New “Intelligent” Metamaterial Significantly Improving MRIs While Cutting Costs

Researchers from Boston University have recently created a new metamaterial that has shown promise in making the magnetic resonance imaging (MRI) process faster, safer, and more accessible to patients. This material costs under $10 to create and could potentially revolutionize MRI imaging. A paper published on October 30 in Advanced Materials detailed the BU team’s work with this technology.

In addition to being costly and exposing patients to radiation, the MRI process can be extremely time-consuming, often taking nearly an hour for a single scan. For this reason, researchers have been experimenting with ways to cut down the time required for each MRI without reducing the image quality.

To address this, Xin Zhang, a BU College of Engineering professor of mechanical engineering and a Photonics Center professor, and a research team including Stephan Anderson, a Boston Medical Center radiologist and BU School of Medicine professor of radiology, and Xiaoguang Zhao, an MED assistant research professor of radiology, have been experimenting with metamaterials.

“An MRI’s magnetic field is many thousands of times stronger than the Earth’s magnetic field,” explained Zhao. “A precisely orchestrated series of higher-energy radio waves are sent into the human body, and the tissues emit lower-energy radio waves that are received by the MRI to produce an image.”

MRI quality depends on the signal-to-noise ratio (SNR), with a higher SNR indicating better image quality. Increasing the magnetic field is the most direct way to enhance the SNR, however, this increases the cost and complexity of the imaging process. In addition, this increased magnetic field increases the risk the patient assumes, with increased heat from this radiation potentially affecting implanted medical devices.

A Metamaterial Solution

Zhang and colleagues have created a novel magnetic metamaterial that is placed over the region of interest to bolster the energy emitted by the patient’s body and increase SNR. This magnetic metamaterial consists of simple copper wiring and plastic and was discussed in a March 2019 publication of Nature’s Communications Physics.

Alongside Anderson, Zhao, and other team members, Zhang has now enhanced the metamaterial to become “intelligent” in the sense that it selectively boosts low-energy emissions from the patient’s body. This material turns itself off during the millisecond bursts of energy from the radiation machine.

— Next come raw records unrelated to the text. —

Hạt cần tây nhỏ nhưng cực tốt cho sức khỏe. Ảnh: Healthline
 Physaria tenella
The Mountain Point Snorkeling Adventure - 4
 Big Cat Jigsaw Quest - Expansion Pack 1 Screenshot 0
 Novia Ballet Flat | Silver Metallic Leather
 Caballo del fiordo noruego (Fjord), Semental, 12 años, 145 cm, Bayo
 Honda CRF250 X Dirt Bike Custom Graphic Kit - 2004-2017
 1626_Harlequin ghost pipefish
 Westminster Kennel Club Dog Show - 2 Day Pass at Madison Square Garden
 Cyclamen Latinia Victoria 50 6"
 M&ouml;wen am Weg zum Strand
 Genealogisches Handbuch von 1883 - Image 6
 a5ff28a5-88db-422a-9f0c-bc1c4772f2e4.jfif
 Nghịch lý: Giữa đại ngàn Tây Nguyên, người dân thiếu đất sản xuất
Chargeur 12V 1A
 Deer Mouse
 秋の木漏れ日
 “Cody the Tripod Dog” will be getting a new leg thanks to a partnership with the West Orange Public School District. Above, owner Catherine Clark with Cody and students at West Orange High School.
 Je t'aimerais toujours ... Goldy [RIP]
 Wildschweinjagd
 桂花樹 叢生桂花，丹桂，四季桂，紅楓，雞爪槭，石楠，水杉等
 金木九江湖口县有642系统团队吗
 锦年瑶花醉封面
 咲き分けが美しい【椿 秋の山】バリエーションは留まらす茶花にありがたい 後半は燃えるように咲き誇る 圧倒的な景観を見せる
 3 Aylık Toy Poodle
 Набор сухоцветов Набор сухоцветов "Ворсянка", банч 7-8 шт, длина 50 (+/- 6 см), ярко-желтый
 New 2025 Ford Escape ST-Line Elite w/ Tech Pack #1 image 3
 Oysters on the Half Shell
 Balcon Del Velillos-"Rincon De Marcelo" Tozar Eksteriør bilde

This intelligent metamaterial increases the SNR 10-fold, which significantly amplifies image quality and reduces scan time. This opens up an improved, cost-efficient way to obtain MRI images, as per Zhang.

“Shortening MRI examinations is paramount to maximizing the capacity,” said Anderson. “Not to mention revenue, as well as the overall patient experience of this powerful imaging technology.”

“The intelligent metamaterial consists of an array of metallic helical resonators closely packed with [a passive sensor],” added Zhao. “When the high-energy radio waves are coming in, the metamaterial detects the high energy level and ‘turns off’ the resonance automatically. With low-energy radio excitation, the metamaterial [turns on] the resonance and enhances the magnetic component of the radio wave.”

That short time frame where the material turns off allows physicians to use the metamaterial to enhance the energy sent back to the MRI machine. This feature also reduces the patient’s exposure to radiation, enhancing the safety of this imaging technique.

“We can now build smart materials that can interact with radio waves intelligently, enhancing the wanted signal while letting the unwanted signal go,” said Zhang.

Zhang and colleagues estimate that the metamaterial will cost less than $10 to create. Although the prototype is a flat, thick layer, the team plans to create a flexible, thin sheet that is better suited for clinical use.